While waiting in line at a medical clinic yesterday I heard an older gentleman lamenting about getting old. And he didn't sound too happy about it.
I think he said something like 'It's no fun getting old."
I started to engage him in conversation, but at that moment they called his name and he moved on.
Probably I would have told him something clever like getting old beats the alternative. But, as depressed as he sounded it might have made things worse. After all, I didn't know what was going on in his life. He might have been suffering from a terminal disease. Maybe his wife was ill. Or he could be experiencing money problems. Who knows?
As to his statement about getting older is no fun - I can relate. Because as the years roll by we start to learn about our physical limitations. Most of us in our sixties and seventies always have some kind of doctor's appoint pending; that is if we take care of ourselves. I have an assortment of doctors who care for me. Among them a neurologist, A liver doctor. A cardiologist. A foot doctor. A urologist and a few others. But rather than bitch about having to see them, I'm grateful to have insurance and the ability to pay for my care.
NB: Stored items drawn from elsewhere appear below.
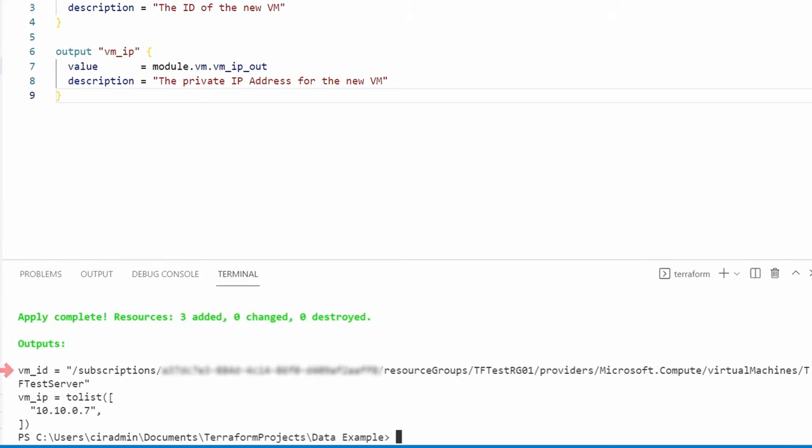There it is—we have the VM ID as well as the IP address. That IP address is from the existing subnet we attached the network card to. We now have a VM deployed with Terraform connecting to an existing VNet that's outside of the Terraform state. I hope this helps you better understand the data source in Terraform with Azure. Don't forget to like and subscribe, and thanks for watching.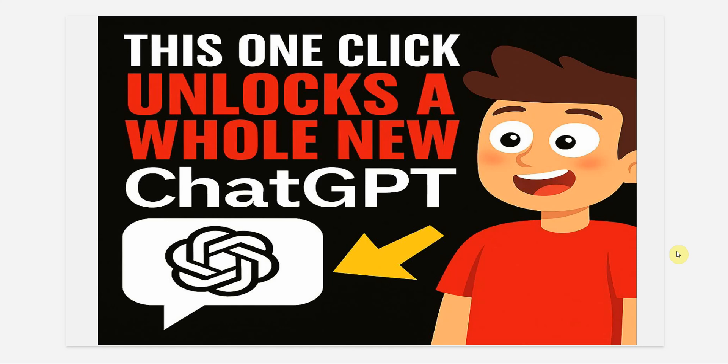Hello everyone, welcome back to my channel. If you have ever wished you could explore multiple ideas in ChatGPT without losing your original thread, then today's video is going to blow your mind. We are diving into one of the most powerful and recently released features of ChatGPT, which is conversation branching.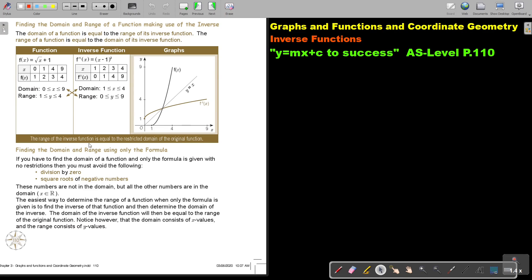The range of the inverse function is equal to the restricted domain of the original function — restricted because it was, say, a many-to-one function, but I made it a one-to-one function by restricting the domain.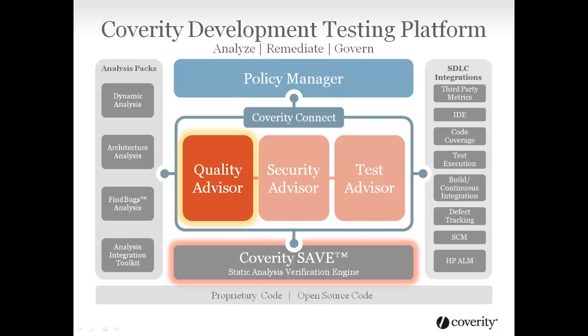SAVE works continuously behind the scenes using patented technologies to find real software problems like resource leaks, concurrency problems, out-of-bounds memory access, uninitialized variables, and null pointer dereferences.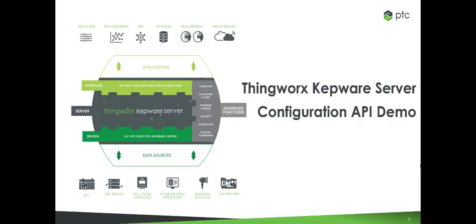ThingWorx KepWare Server and ThingWorx KepWare Edge both feature a configuration API that allows users to programmatically create, read, update, and delete objects within the server. This means that users can use RESTful calls to configure various channels, devices, and tags, essentially eliminating the need for the configuration window.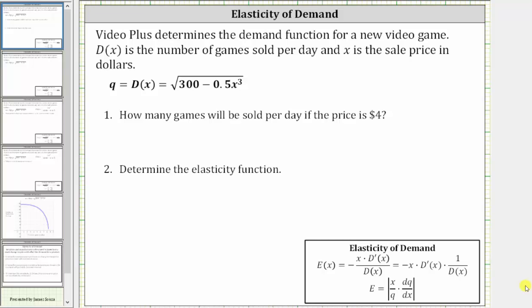VideoPlus determines the demand function for a new video game. D of x is the number of games sold per day, and x is the sale price in dollars. Number one: how many games will be sold per day if the price is $4?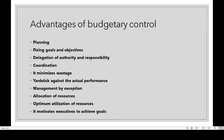It provides a yardstick against the actual performance. Through budgeting, we can set a budgeted performance. After the actual performance has taken place, we compare the actual performance with the budgeted performance. For example, if a budget is available for three months, after three months we compare the actual performance with the budgeted performance.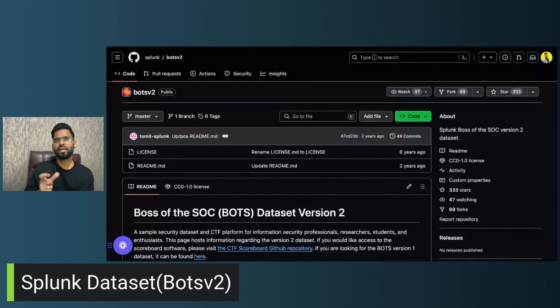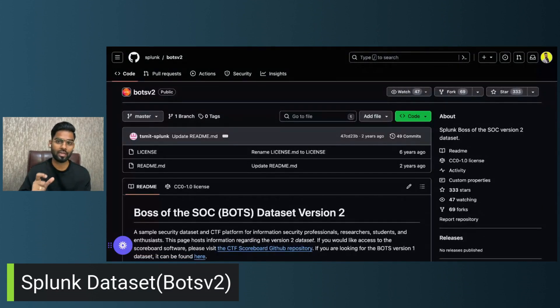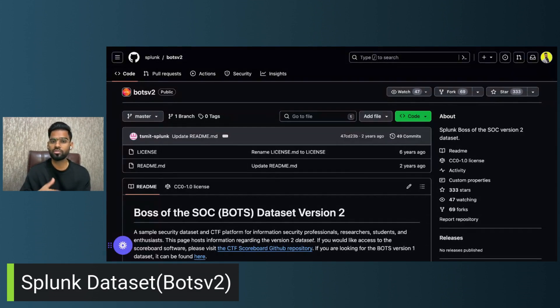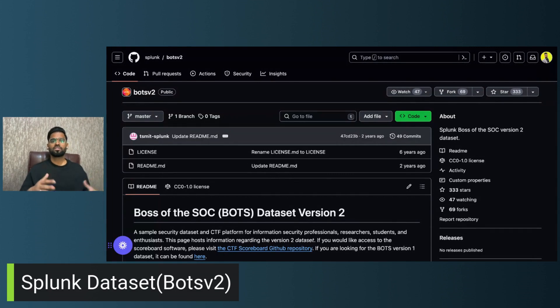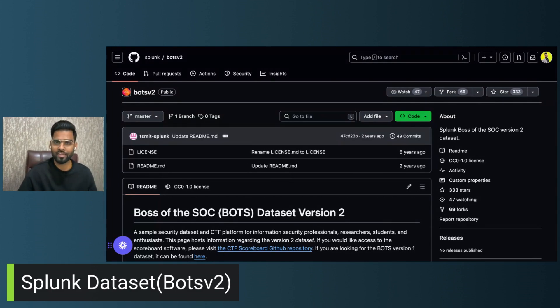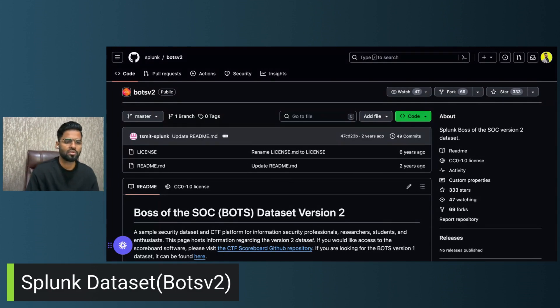I'll also share a link to my home lab for Splunk in the description, where you can find how to install, how to test, and different questions related to that. That was the third resource.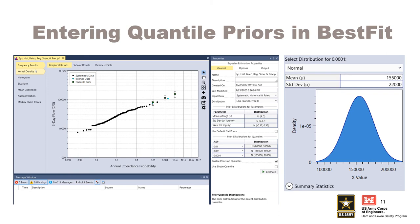This opens a new window where the user can select a distribution type and enter the distribution parameters. The default normal distribution type is the only distribution currently available in version 1.0 of Best Fit. The user can now enter the estimated mean and standard deviation estimates for the inflow volume at the selected AEP. The quantile prior distributions are plotted with a rectangle symbol to show the mean value and error bars to show the 90% confidence interval based on a normal distribution.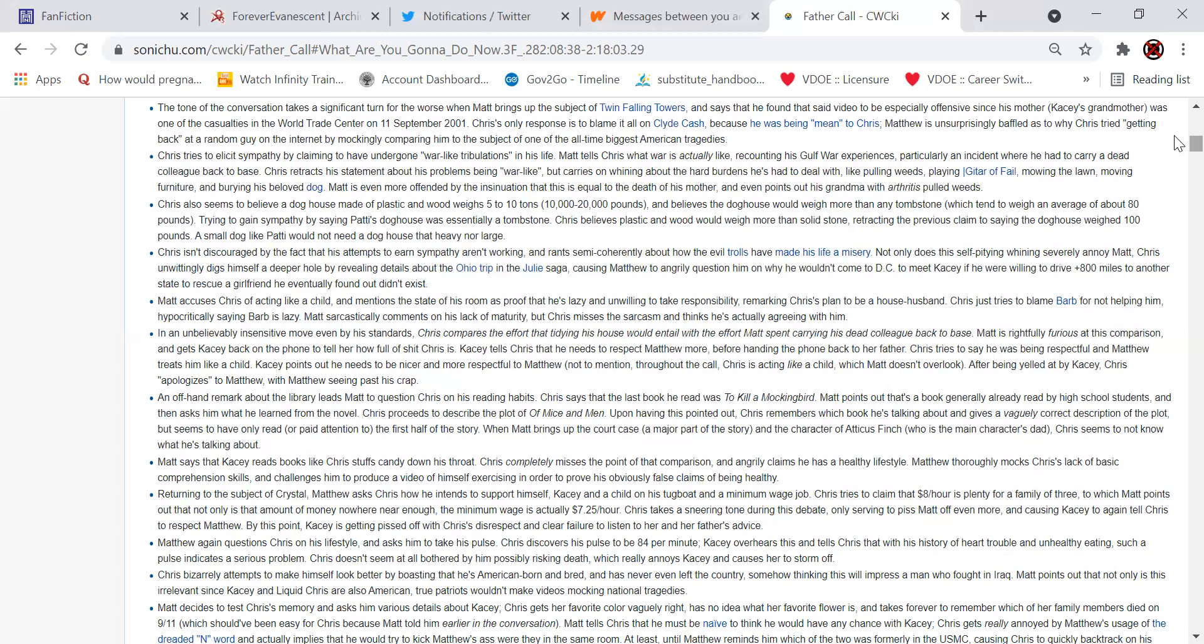Matt accuses Chris of acting like a child and mentions the state of his room as proof that he's lazy and unwilling to take responsibility, remarking on Chris's plan to be a household husband. Chris just tries to blame Barb for not helping him, hypocritically saying Barb is lazy. Matt sarcastically comments on his lack of maturity, but Chris misses the sarcasm and thinks he's actually agreeing with him. In an unbelievably insensitive move, even by his standards, Chris compares the effort that tidying his house would entail with the effort Matt spent carrying his dead colleague back to base. Matt is rightfully furious at this comparison and gets Casey back on the phone to tell her how bullshit Chris is. Casey tells Chris that he needs to respect Matthew more before handing the phone back to her father. Chris tries to say he was being respectful and Matthew treats him like a child. Casey points out he needs to be nicer and more respectful to Matthew, not to mention throughout the call Chris is acting like a child, which Matt does not overlook. After being yelled at by Casey, Chris apologizes to Matthew, with Matthew seeing past his crap.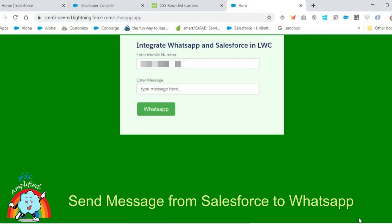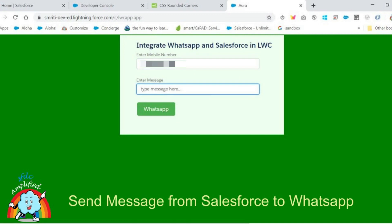Hello friends, today I would be integrating WhatsApp and Salesforce in Lightning Web Component. To demo, I will put the number — this is the number from which I will be sending the text — and I will be entering the message.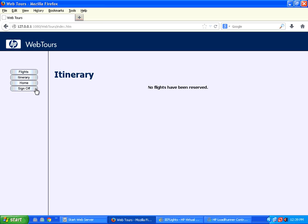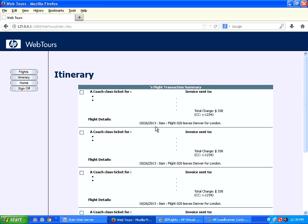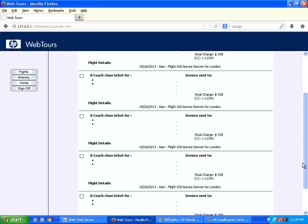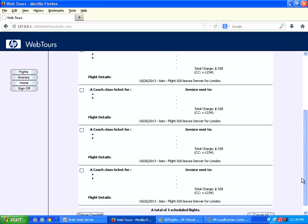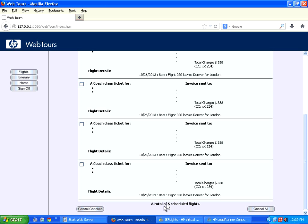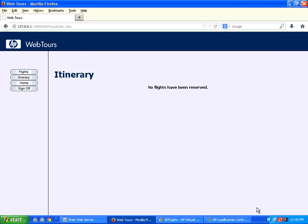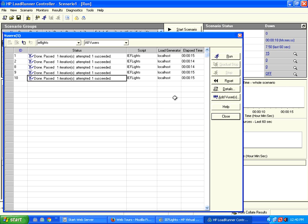I go back here and click on the itinerary. Now you could see a total of 5 scheduled flights. 5 tickets are booked. Now I want to run it for 10 users. Let me cancel all the tickets. There are no tickets available. I go back to the controller.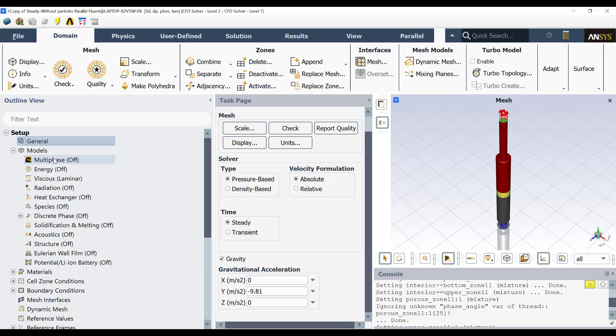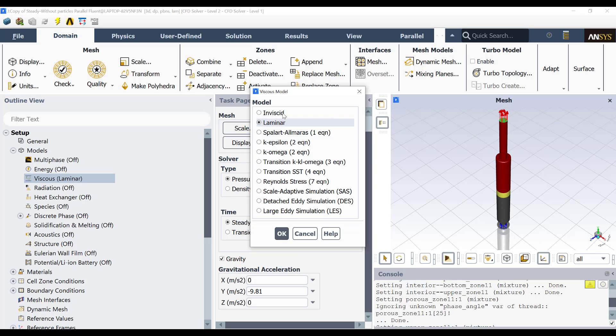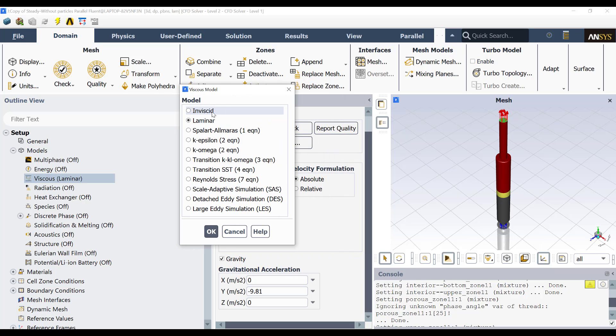Also, in models, you will see that the velocity of the flow is very low. Then initially we can use a laminar approach. If you consider that the Reynolds number is high enough to consider the turbulent effects, then you can double click here and you can select the turbulence model you want to use or you consider to use. I recommend using the K-Omega or the K-Epsilon.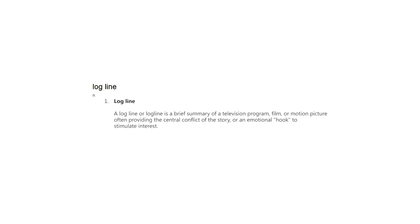So what is a logline? A logline is a short one to two sentence summary of what your story is about. But essentially the way I like to think of it is it isn't a summary of the plot — it's an explanation of the central conflict or the heart of the story. Here are a few examples.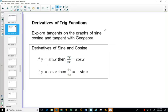Here we have the derivatives of sine and cosine. The derivative of sine is cosine, and the derivative of cosine is negative sine. You can see yourself having a tough time remembering which one's which, because they're opposite — but one's negative and one's positive.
I've found that the secret to most things we seniors face is acceptance. I know that I can't put in the hours I used too when I was in my thirties and forties. I'm not as strong as I once was. Nor do I have the endurance I did when I was younger. And I accept that.
On the plus side I no longer feel the insecurities of youth. I finally learned that being in a relationship is a two-way street. I've learned to be grateful for the moments of my life. Because the time God gave us when we were born is the one thing we can't replace. So I'm grateful and try to use it wisely.